Serendipity struck: on the next flight I read an article in the New Yorker about the owner of the company which bottles the water, and read the fine print on the back. It's not just named after Fiji, it's from there.

Fijian water, flown from Fiji to LAX, bought there and flown to Dallas and then to Little Rock and then driven to Pine Bluff. Water. It's free, it's heavy, and I just bought some and flew it hundreds of miles. No wonder I'm such a carbon-criminal. *Smacks self on wrist*. I'm keeping the full bottle as a reminder to myself.

I've done the maths and I'm now at 8,011 kg of CO2. That's how many trees? Even Google doesn't pretend to know!
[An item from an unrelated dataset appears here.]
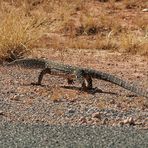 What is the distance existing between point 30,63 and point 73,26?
7.72 m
Searching on "a tree absorbs tons of carbon per year" gives answers like:

A healthy tree stores about 13 pounds of carbon annually

[www.coloradotrees.org/benefits.htm] ......

This is an average of 12.5 kg per tree per year

[www.carbon-info.org/carbonnews_072.htm] ......

a mature tree only absorbs 7.5 kg of CO2 per year, while a young and actively growing tree can absorb 13 kg+ of CO2

[www.carbon-info.org/pressrelease/pressrelease] .....

each tree will absorb 1 ton of CO2

[www.carbonify.com/carbon-calculator.htm] .........

A single mature tree can absorb up to 50 pounds of carbon dioxide per year

[www.greatermemphisgreenline.org/treevalue.htm] ..........

roughly one metric ton of carbon per acre per year

[greenmyplanet.blogspot.com/2007/12/how-much-is-tree-worth.html] .....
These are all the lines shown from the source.